Auf dieser Linie lag nun auch das „Wort und Bekenntnis Altonaer Pastoren in der Not und Verwirrung des öffentlichen Lebens“, kurz „Altonaer Bekenntnis“, das die Pastoren in den folgenden Monaten unter Asmussens maßgeblicher Leitung entwickelten: Kirche kann und will keine Bundesgenossenschaft im politischen Kampf eingehen, sondern muss sich auf ihre Kernaufgaben konzentrieren, die Gewissen zu schärfen und das Evangelium zu verkündigen.

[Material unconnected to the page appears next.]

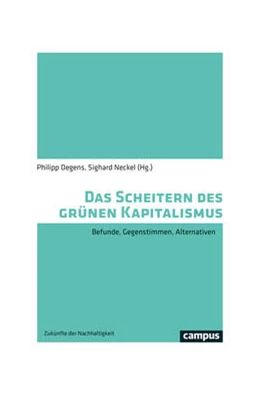 Abbildung von Degens / Neckel | Das Scheitern des grünen Kapitalismus | 1. Auflage | 2024 | 6 | beck-shop.de
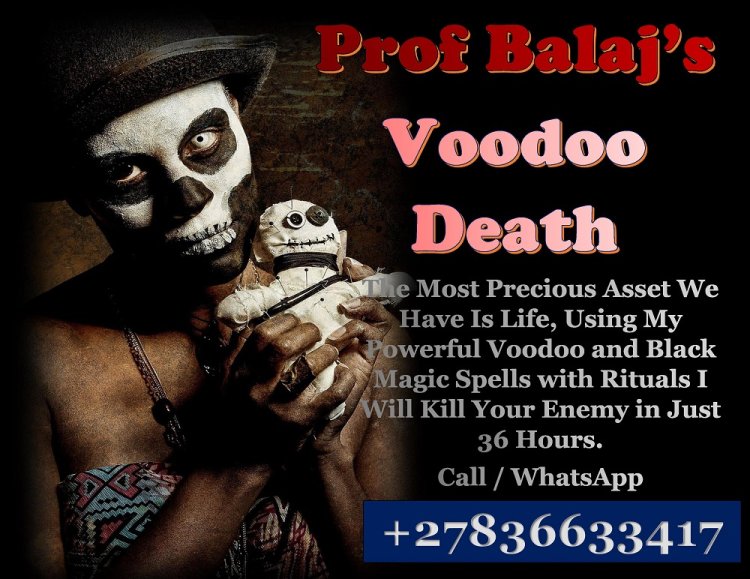 Essential Safety Tips for Casting Death Spells Without Negative Effects, Super Strong Death Spell to Eliminate an Abusive Husband in Their Sleep +27836633417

So sollte sie gegen Missbrauch jeder politischen Richtung immun gemacht werden.
In seinen fünf Artikeln ließ das „Altonaer Bekenntnis“ bereits anklingen, was die Bekennende Kirche später als solche charakterisieren würde: Eine fundamentale politische Opposition zum Nationalsozialismus war von vornherein nicht intendiert, sondern gerade eine selbstbewusste Stärkung des kirchlichen Lehr-, Verkündigungs- und Seelsorgeauftrags auf der alleinigen Grundlage von Bibel und Bekenntnis.
Gerade dadurch wurde der Text nun dennoch zu einer politischen Provokation, weil er die Totalitätsansprüche von Nationalsozialismus und Kommunismus infrage stellte und sie mit der fundamentalen Geltung von Gottes Wort empfindlich begrenzte.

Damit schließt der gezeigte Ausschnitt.